■ Task brief:
Give back each line of the data exactly as it reads, minus the pictures.

■ Data shown:
-------
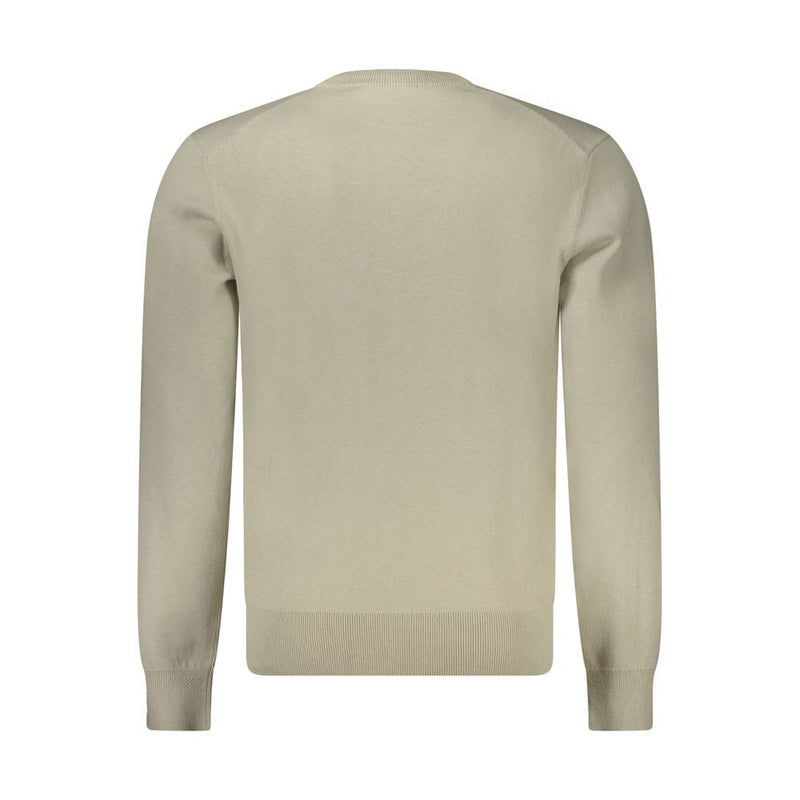 Beige Cotton Sweater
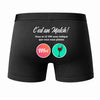 Caleçon VIN C'est Un Match - Dos - Humour Boxer Coton Motif Métier Idée Cadeau Anniversaire Noël Homme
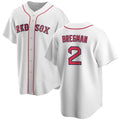 Boston Red Sox #2 Alex Bregman White Jereymy 2024 Cool Base Stitched Jersey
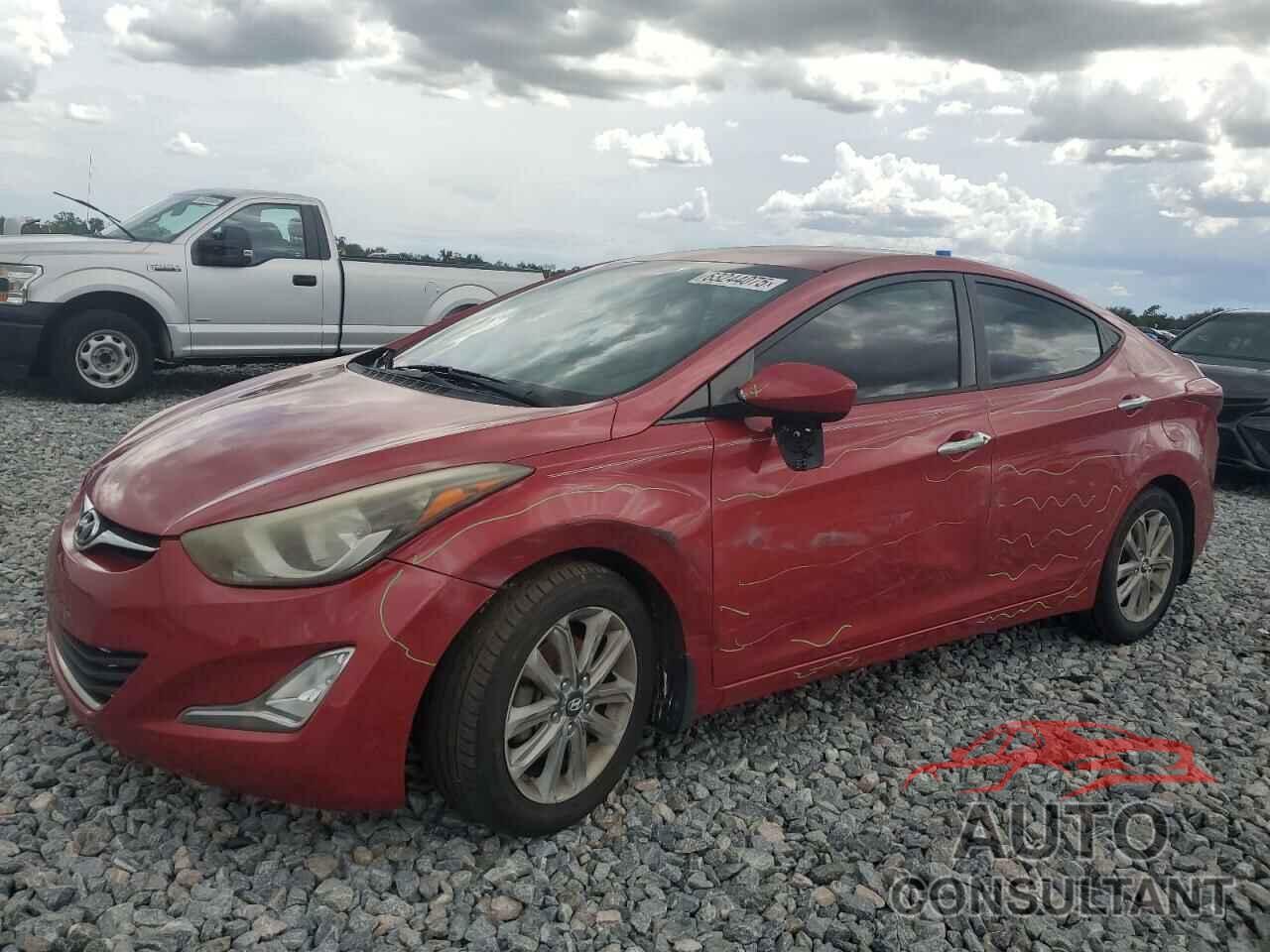 HYUNDAI ELANTRA 2015 - KMHDH4AE8FU451783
-------
■ Solution to the exercise:
 Beige Cotton Sweater
 Caleçon VIN C'est Un Match - Dos - Humour Boxer Coton Motif Métier Idée Cadeau Anniversaire Noël Homme
 Boston Red Sox #2 Alex Bregman White Jereymy 2024 Cool Base Stitched Jersey
 HYUNDAI ELANTRA 2015 - KMHDH4AE8FU451783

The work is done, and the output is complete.